Angkor Wot?! Hong Kong Players McAulay Theatre Arts Centre September 23-27 The title of this Hong Kong Players' production rather gives the game away: it is a comic approach to a serious subject, the historical sufferings of Cambodia.
As the pun suggests, this is not just comedy, but comedy of a particularly British kind.
There are running gags, moments of slapstick humour and a gallery of stock characters: the bolshy workman, the bullying overseer, the dopey apprentice, the prim lady archaeologist, the brash American villain, the kind tart - a world away from the killing fields. Comedy of this kind, however, can be used as a vehicle for social and political comment. Here, irony is introduced by juxtaposing past and present - scenes from 12th-century Cambodia (craftsmen working on the king's tomb) with a present-day plan to use the site as the backdrop for a rock concert. How, the archaeologist asks, can we know what those ancient craftsmen thought and felt? This the playwright aims to show us, by linking the two worlds together.

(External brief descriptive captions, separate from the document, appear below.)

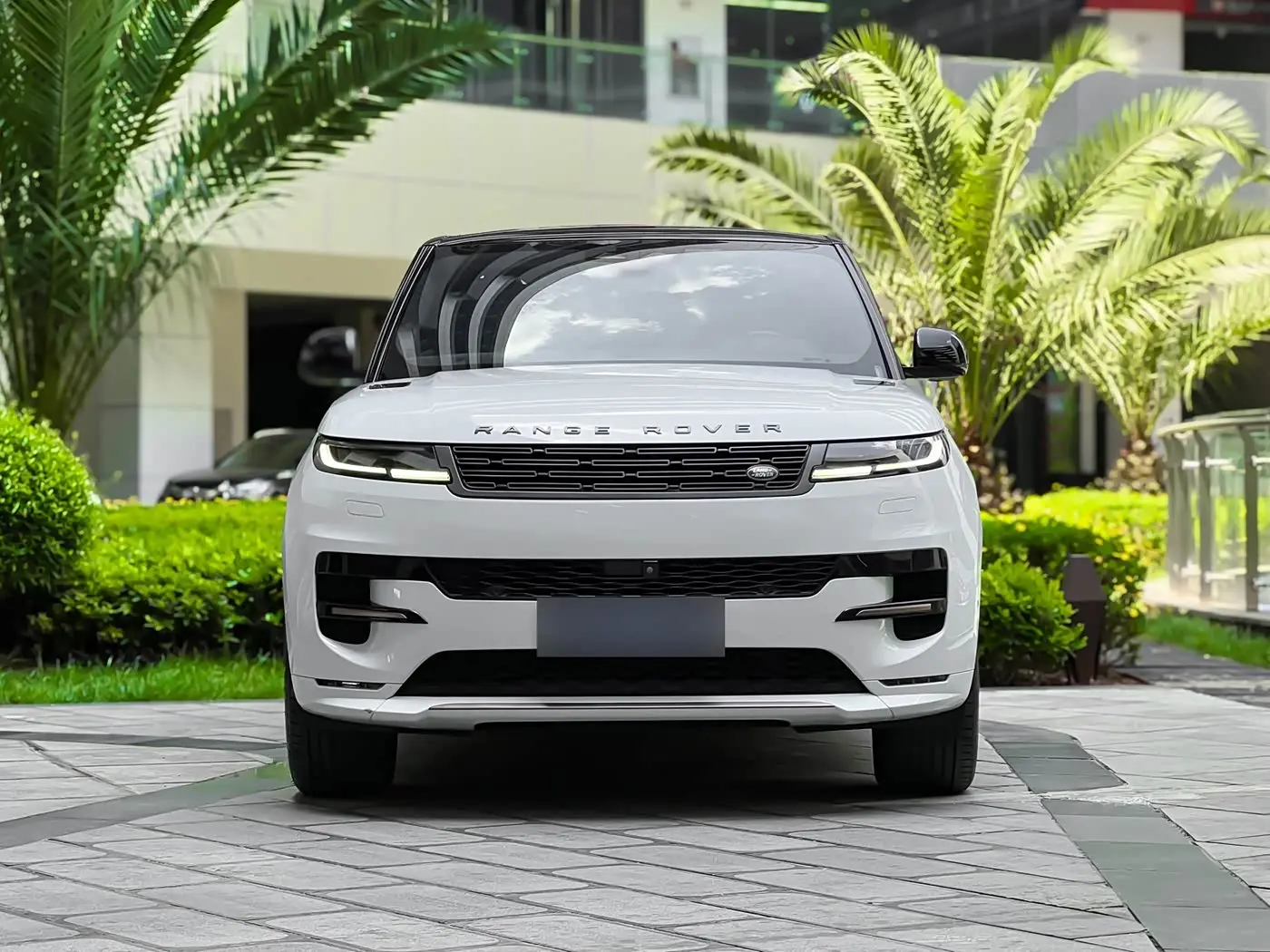 Land Rover Range Rover Sport 2023 — Photo 2/20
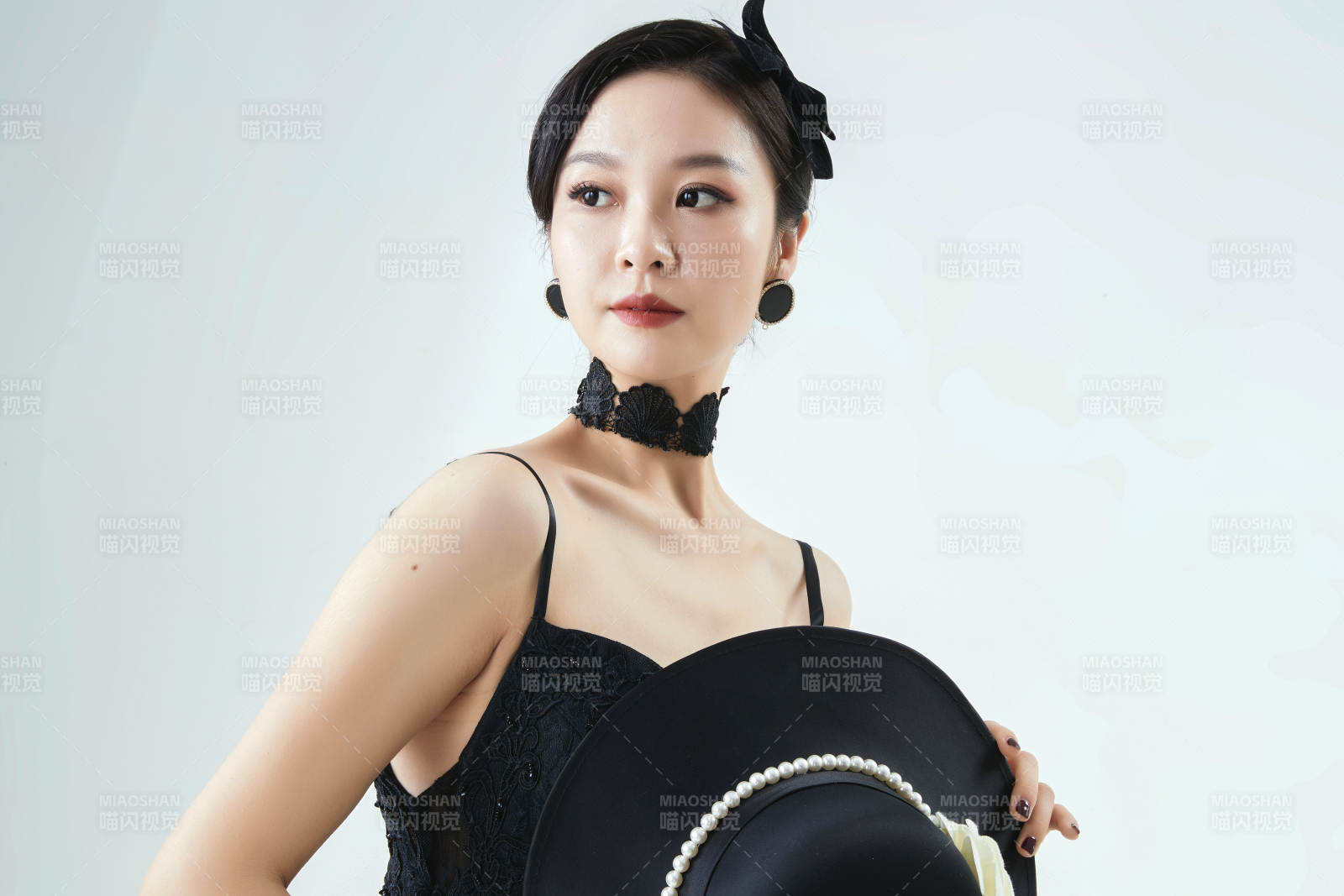 棚拍白色背景下的洁白婚纱新娘美妆图片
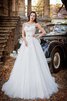 Sweep Zug Schaufel-Ausschnitt langes bodenlanges Brautkleid mit Applike aus Tüll - 1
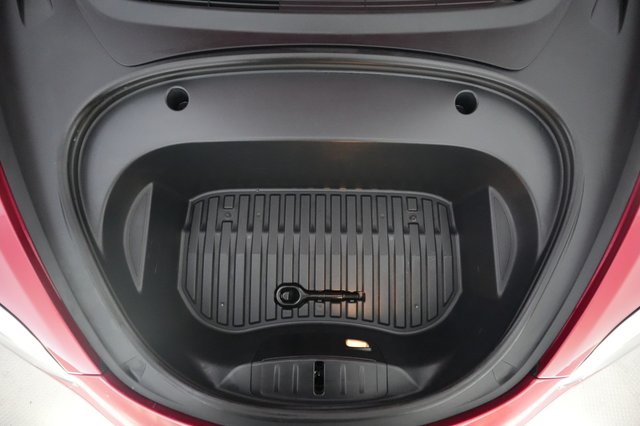 2021 Tesla Model 3 — photo 23 of 26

It is an ambitious aim, which does not quite come off. The interweaving of past and present worked well in the first act, with actors from both time-frames working in the same space and echoing each other's lines. Things fell apart somewhat in the second half: continuity was lost and the melodramatic plot elements (true love transcending time) failed to convince. The climax degenerated into a shouting match and the final scene was too long.
There is still much to admire and enjoy; the cast attacked the comedy with gusto, notably Evan Blank engagingly manic as the ugly American.
The deeper implications of the theme and the real tragedy of modern Cambodia were realised in one remarkable performance - Kevin Ma as the caretaker.
Ma's moral authority on stage compelled attention, and provided a still centre to the action.